Over the past years, semantic segmentation, similar to many other tasks in computer vision, has benefited from the progress in deep neural networks, resulting in significantly improved performance. ...However, deep architectures trained with gradient-based techniques suffer from catastrophic forgetting, which is the tendency to forget previously learned knowledge while learning new tasks. Aiming at devising strategies to counteract this effect, incremental learning approaches have gained popularity over the past years. However, the first incremental learning methods for semantic segmentation appeared only recently.
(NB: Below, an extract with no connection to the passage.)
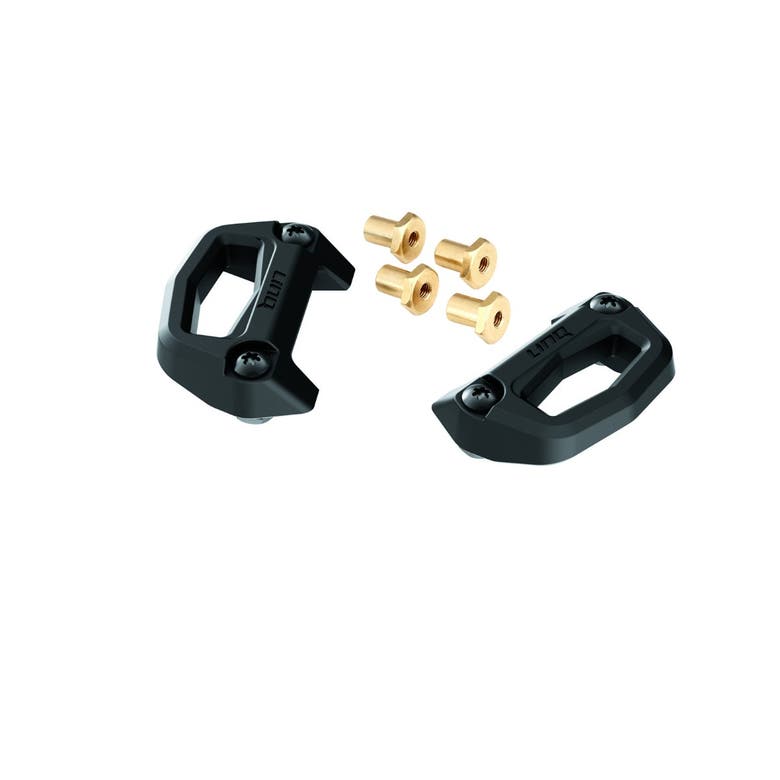 LinQ Base Installation Kit by Sea-Doo: two black base plates with four brass fittings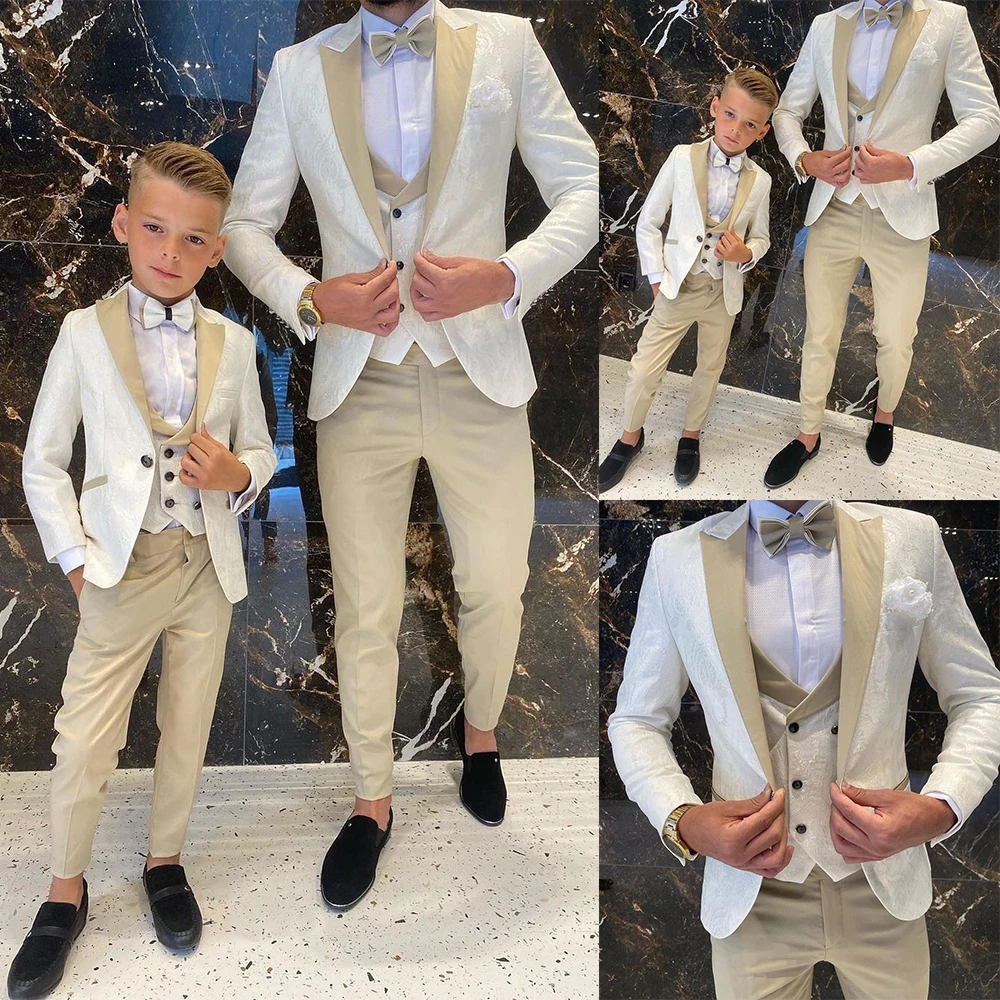 Floral Pattern Boy Formal Suits Dinner Tuxedos Little Boys Groomsmen Kids For Wedding Party Prom Suit Wear (Jacket+Vest+Pant)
While effective, these approaches do not account for a crucial aspect in pixel-level dense prediction problems, i.e. , the role of attention mechanisms. To fill this gap, in this paper, we introduce a novel attentive feature distillation approach to mitigate catastrophic forgetting while accounting for semantic spatial- and channel-level dependencies. Furthermore, we propose a continual attentive fusion structure, which takes advantage of the attention learned from the new and the old tasks while learning features for the new task. Finally, we also introduce a novel strategy to account for the background class in the distillation loss, thus preventing biased predictions. We demonstrate the effectiveness of our approach with an extensive evaluation on Pascal-VOC 2012 and ADE20 K, setting a new state of theart.